After finding the hostel and getting arrangements sorted out, I had a long walk around the local area. There were no real specific destinations: I simply headed in the direction which tempted me most, usually towards well-lit landmarks near the vast and impressive Lake Geneva.
Although cold, it was a very clear night and I got some great photos of the illuminated attractions. There were a couple of very interesting modern-arty things, but from an architectural perspective Geneva definitely isn’t as grand as Prague. However, this is compensated for by the sheer sense of wealth and luxury that permeates the atmosphere – unfortunately this didn’t extend to the hostel, but it was at least a friendly place and there were no major complaints.
The next day our meeting began. Other youth delegates arrived and we had lunch at the hostel before visiting the UN. This is the original location of the organisation – the main headquarters before the move to New York. It’s a lot smaller in scale than NY, but the building has a much nicer design and there are some wonderful views of the lake from inside. The grounds are also very pleasant; land was donated from a rich philanthropist, who made the condition that peacocks be allowed to roam freely. Many of the numerous UN branches (or “arms”) dealing with different issues are still based in Geneva, although most of the main legislating activity is now across the pond.
One of the topics mostly dealt with in Geneva is human rights. Its main base is the Palais Wilson by the lake and when going past there we stumbled across a group of protesters from Tibet, demonstrating against China and saying they wanted justice. From what I read in the literature thrust upon me, the situation is very complicated and Tibetans are not being treated fairly.

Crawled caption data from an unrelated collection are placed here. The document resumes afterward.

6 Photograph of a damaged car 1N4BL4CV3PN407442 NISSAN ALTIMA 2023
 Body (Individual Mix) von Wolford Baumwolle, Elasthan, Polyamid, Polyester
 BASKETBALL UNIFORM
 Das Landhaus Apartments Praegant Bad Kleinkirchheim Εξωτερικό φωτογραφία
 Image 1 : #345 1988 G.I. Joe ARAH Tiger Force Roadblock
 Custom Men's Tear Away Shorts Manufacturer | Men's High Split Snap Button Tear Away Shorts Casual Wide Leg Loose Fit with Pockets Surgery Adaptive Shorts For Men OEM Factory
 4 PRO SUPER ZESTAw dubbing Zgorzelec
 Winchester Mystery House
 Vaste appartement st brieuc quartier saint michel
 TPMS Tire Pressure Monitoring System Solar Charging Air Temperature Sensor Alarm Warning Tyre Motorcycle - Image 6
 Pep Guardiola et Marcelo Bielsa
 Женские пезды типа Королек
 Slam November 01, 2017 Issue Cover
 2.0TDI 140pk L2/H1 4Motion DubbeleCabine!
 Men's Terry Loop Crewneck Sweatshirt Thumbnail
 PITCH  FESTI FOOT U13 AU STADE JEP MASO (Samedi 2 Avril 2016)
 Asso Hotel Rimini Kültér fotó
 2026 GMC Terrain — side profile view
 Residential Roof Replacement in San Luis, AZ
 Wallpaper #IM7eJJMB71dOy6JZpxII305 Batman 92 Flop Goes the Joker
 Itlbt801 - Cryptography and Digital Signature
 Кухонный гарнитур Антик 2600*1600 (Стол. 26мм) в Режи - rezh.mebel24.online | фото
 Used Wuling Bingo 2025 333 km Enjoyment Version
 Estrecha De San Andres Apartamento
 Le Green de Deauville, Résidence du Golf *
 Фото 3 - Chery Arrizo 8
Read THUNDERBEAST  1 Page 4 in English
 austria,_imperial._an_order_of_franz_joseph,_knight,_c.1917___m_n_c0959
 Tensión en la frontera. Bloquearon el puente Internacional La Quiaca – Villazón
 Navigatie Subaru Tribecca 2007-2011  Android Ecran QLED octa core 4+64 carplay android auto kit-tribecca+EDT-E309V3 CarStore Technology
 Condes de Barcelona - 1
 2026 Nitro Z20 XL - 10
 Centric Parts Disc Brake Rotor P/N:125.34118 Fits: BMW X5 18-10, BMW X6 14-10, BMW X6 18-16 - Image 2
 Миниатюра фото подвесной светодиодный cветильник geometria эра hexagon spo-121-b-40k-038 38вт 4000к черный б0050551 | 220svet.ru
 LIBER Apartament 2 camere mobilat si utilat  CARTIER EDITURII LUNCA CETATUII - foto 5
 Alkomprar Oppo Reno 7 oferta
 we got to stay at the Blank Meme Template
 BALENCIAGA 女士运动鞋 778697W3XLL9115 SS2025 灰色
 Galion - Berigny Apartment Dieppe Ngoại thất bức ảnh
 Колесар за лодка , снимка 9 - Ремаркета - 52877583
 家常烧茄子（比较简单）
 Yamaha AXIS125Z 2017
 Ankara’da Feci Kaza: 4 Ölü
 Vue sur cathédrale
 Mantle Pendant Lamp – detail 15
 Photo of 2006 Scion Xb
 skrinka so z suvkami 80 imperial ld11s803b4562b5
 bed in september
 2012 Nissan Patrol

Our evaluation meeting was very successful; it was well-organised and there was a clear emphasis on concrete action points. Unfortunately the numbers were relatively low, especially compared to the massive amounts of youth delegates in NYC, and there were a few which had been confirmed who sadly cancelled at the last minute. But having a smaller group can bring advantages: we managed to get through the agenda in good time and everyone had the chance to make meaningful contributions.
Another activity planned into our schedule was a tour of the city. Rather than having an actual guide or anything like that, we just wandered around up into the old town and about. It was particularly interesting to do this on December 10, because the Genovese were celebrating 'Escalade'. This annual festivity marks a victory in 1602 over French soldiers trying to occupy the territory. Its well-known symbol is a cooking pot, resembling one of the first acts of the conflict: the soup a Genovese woman threw on invading forces from a high window.
Natives indulge in fine chocolate and there are ceremonial concerts, staged shootings and fancy-dress parties all over the city. It was a nice coincidence that our meeting was taking place on the same weekend as Escalade as this gave a fascinating cultural aspect to the trip. The French-speaking Genovese people are clearly very proud of their heritage.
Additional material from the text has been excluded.